**Description of the task:**
Set down each line of the data below exactly as it stands, dropping the pictures.

**Supplied information:**
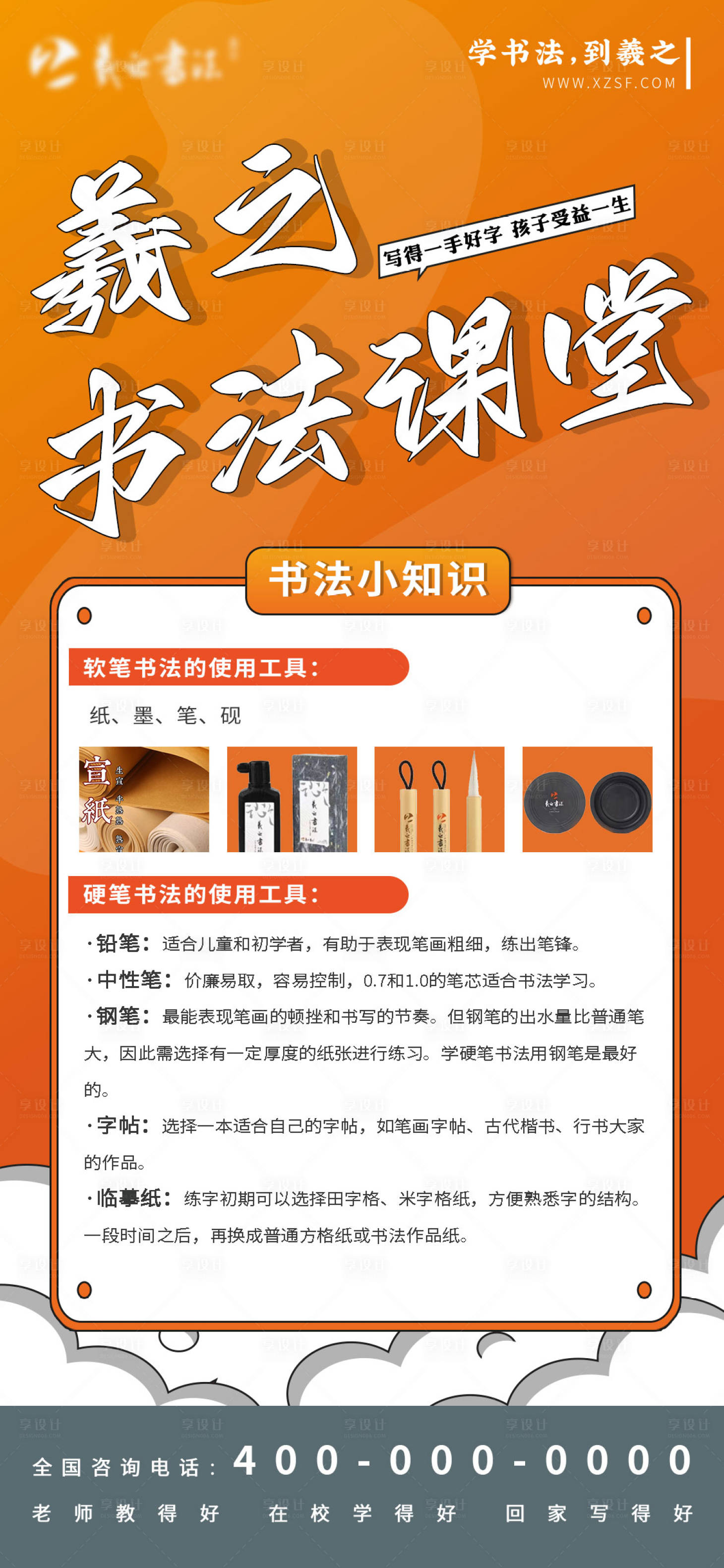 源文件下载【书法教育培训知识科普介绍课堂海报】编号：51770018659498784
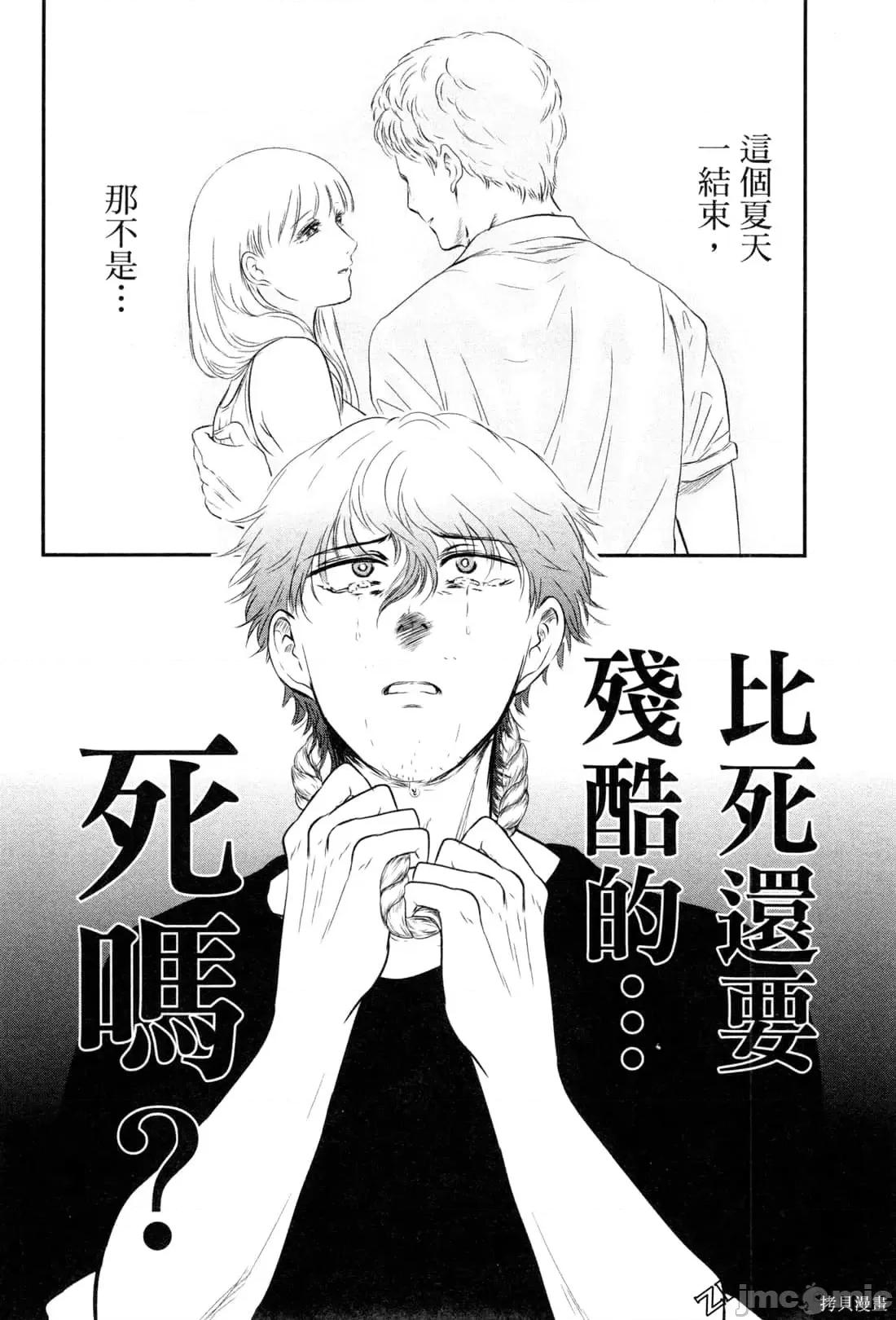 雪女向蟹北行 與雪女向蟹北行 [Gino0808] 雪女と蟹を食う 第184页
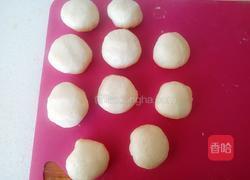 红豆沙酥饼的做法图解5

**Response to the exercise:**
 源文件下载【书法教育培训知识科普介绍课堂海报】编号：51770018659498784
 雪女向蟹北行 與雪女向蟹北行 [Gino0808] 雪女と蟹を食う 第184页
 红豆沙酥饼的做法图解5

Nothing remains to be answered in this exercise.